LOS ANGELES — For decades, East West Players theater company has been transporting audiences, entertaining them and challenging their perception of the Asian American experience. The company began 55 years ago but the Little Tokyo building they call home dates back a full century and is rich with history.


What You Need To Know

  • Founded in 1965, East West Players is the nation's premier Asian American theater company

  • EWP's David Henry Hwang Writer’s Institute helps develop new voices and new works by Asian Americans

  • Artistic Director Snehal Desai believes it's harder to hate someone if you know their story

Originally a church, some of the features remain untouched. The stained glass windows. The detailed light fixtures. The alter is there, too, hidden beneath stage. But the significance of the location is more than architectural.

“This is one of the places where Japanese Americans…came and left their things before they were sent to the detention camps in the forced incarceration,” Snehal Desai explained, pointing out a marker on the sidewalk that reads “1942 Families awaiting detention gather here.”

“It’s something that definitely gives a reverence to the building and, I think, informs everything that we do in terms of the visibility we are providing for our community and how important it is not to forget,” Desai added.

And telling stories, he says, keeps that history alive.

The focus on storytelling has always been at the heart of what EWP does. In addition to giving AAPI actors opportunities to play roles they traditionally hadn’t been considered for, Desai, the theater company’s producing artistic director, says they have been equally dedicated to developing new voices and presenting new works by Asian American writers.

It’s part of a broader mission that extends far beyond the footlights.  With the rise of violence and hate-related incidents against Asians across the country and here in Southern California, Desai believes change can start in theaters and on stages.
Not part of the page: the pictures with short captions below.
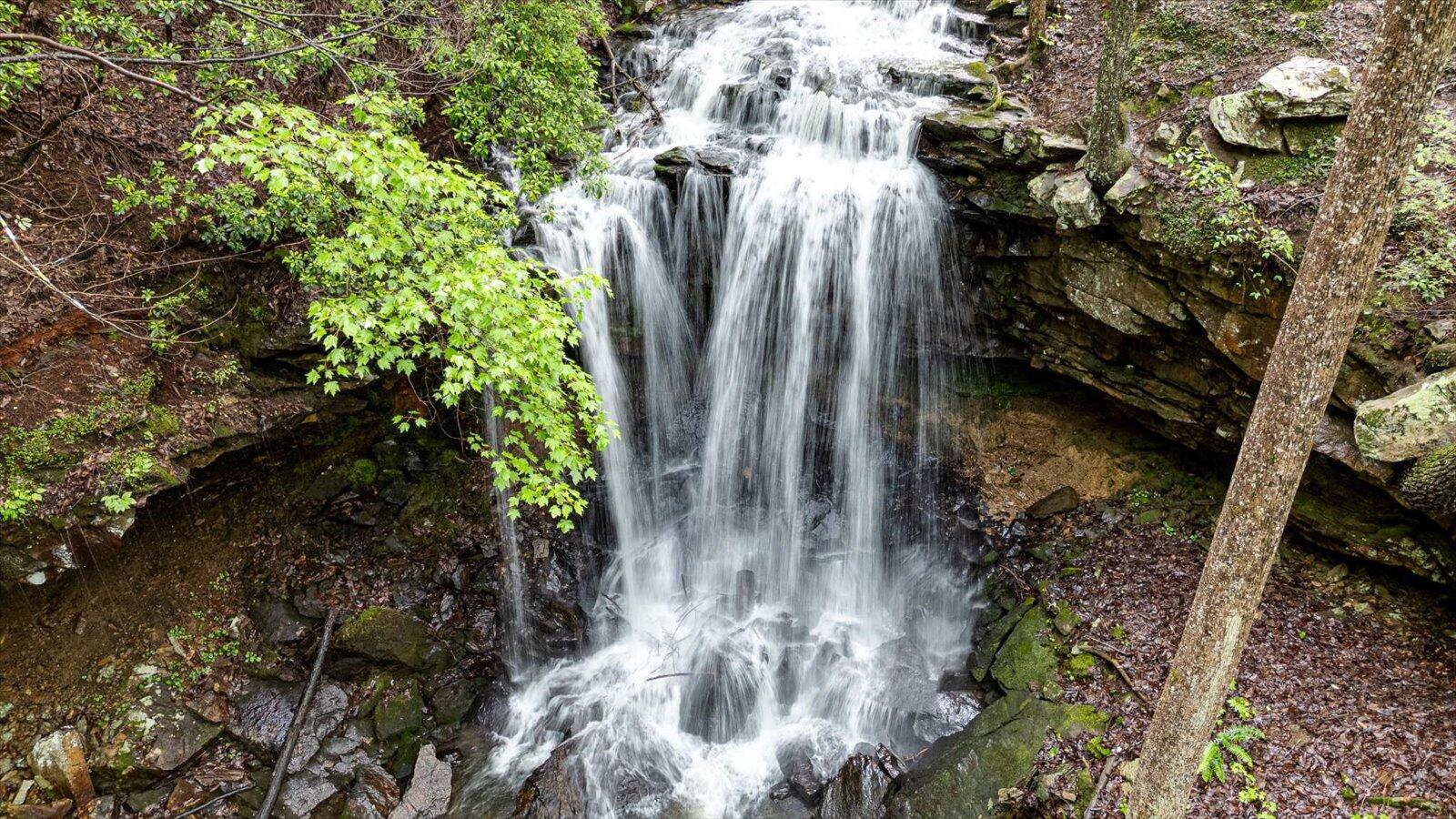 110 Falls Lane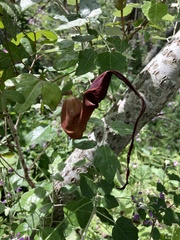 Aristolochia trilobata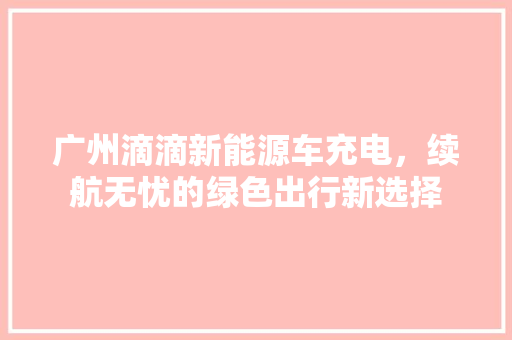 广州滴滴新能源车充电，续航无忧的绿色出行新选择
“Once you know someone, you know their name, you know their story,” he said, “it’s harder then to deny their existence or to kind of have this generalized hate toward them or their race or ethnicity. Or that’s what we hope, at least.”

Teresa Huang is also a firm believer in the power of stories, and the work of East West Players.  

“Art is more important than ever, right now” she said, “because art is where we will express our voices in a way that can have an impact and really touch people’s minds and hearts and really inspire transformation.”

When she first arrived in Los Angeles, she says she found an early home and a community at the theater and now as a TV writer, she continues to volunteer for the organization. So when Desai approached her about teaching a class at EWP’s David Henry Hwang Writer’s Institute, she jumped on board.

“I knew I wanted to try to help usher in the next generation,” Huang explained. “I feel like stories are how we process the world around us. Stories have always been where we look to for how to react, how to respond, how to process tough feelings, how to process conflict.”

She’s since taught five cycles of her popular course: Writing a Television Pilot from Concept to First Draft and she says she is blown away by the diversity of the stories told by her students.

“No two stories have been the same. They are all distinct, unique, authentic stories from the Asian diaspora, East Asian, South Asian, Southeast Asian,” she said. “Such specific stories, all Asian American. All taking place in the U.S. Every single one of them needs to be on TV. Such wonderful stories.“

There’s an audience for these stories, she says. There’s an appetite and there’s a need.

“You know in this time where stories are in impacting public perception, having representation in television is more important than ever.”

As the world begins to reopen, Desai is ready to get back to creating, and to showcasing the stories and talents of the AAPI community to a live audience. And when that moment comes, EWP will continue with the mission that’s guided them since 1965, with pride, with empathy and with joy. 

“It’s so easy these days to feel powerless,” Huang told Desai while sitting in front of one of the buildings original stained-glass windows.  “It’s so easy to feel there’s so much going on in the world and there’s nothing we can do about it and joy is what reminds us that we have a lot of power.”

“The theater is for touching hearts and minds,” she added. “The theater is for moving people and introducing to them to worlds, to characters, to ideas they’ve never seen before. That is what the power of theater can be.”

“The value of art today more than ever is we traffic in empathy, right?” Desai said.  “We allow you for two hours to stand in someone else’s shoes and I hope that that changes and effects your world view.”

But encouraging and shaping new voices, the theater hopes to set the stage for a more equitable future.